Scan the entries below, and for each line that includes the word "Photo", make a copy.

Segment Start: Given entries

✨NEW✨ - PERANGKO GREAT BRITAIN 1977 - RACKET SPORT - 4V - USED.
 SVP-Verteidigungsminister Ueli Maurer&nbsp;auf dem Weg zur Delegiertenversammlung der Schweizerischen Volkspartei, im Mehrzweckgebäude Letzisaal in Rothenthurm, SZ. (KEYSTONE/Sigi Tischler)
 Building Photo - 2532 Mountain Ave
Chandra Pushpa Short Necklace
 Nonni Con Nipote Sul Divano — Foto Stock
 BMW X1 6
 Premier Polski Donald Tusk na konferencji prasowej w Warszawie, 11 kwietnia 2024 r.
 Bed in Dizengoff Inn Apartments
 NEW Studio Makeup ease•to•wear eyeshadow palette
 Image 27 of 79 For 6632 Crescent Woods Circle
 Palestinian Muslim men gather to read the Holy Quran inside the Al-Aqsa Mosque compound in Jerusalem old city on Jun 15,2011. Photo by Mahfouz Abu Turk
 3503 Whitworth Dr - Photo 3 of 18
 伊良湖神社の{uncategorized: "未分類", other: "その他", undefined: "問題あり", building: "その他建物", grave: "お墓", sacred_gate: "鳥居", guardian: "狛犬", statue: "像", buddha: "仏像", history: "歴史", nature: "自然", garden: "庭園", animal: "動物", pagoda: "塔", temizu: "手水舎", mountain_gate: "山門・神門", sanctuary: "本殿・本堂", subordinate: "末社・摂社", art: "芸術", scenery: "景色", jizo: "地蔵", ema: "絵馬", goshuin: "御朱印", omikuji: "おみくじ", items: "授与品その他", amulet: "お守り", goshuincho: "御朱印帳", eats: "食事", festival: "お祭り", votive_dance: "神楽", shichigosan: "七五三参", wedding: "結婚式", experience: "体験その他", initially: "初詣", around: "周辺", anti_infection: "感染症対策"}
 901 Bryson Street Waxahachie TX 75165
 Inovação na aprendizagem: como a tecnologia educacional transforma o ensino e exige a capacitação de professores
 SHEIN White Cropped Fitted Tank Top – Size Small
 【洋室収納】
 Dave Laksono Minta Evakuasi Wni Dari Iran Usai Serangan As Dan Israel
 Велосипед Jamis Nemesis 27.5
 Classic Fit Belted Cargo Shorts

Segment End: Given entries

● Response to the exercise
 Building Photo - 2532 Mountain Ave
 Palestinian Muslim men gather to read the Holy Quran inside the Al-Aqsa Mosque compound in Jerusalem old city on Jun 15,2011. Photo by Mahfouz Abu Turk
 3503 Whitworth Dr - Photo 3 of 18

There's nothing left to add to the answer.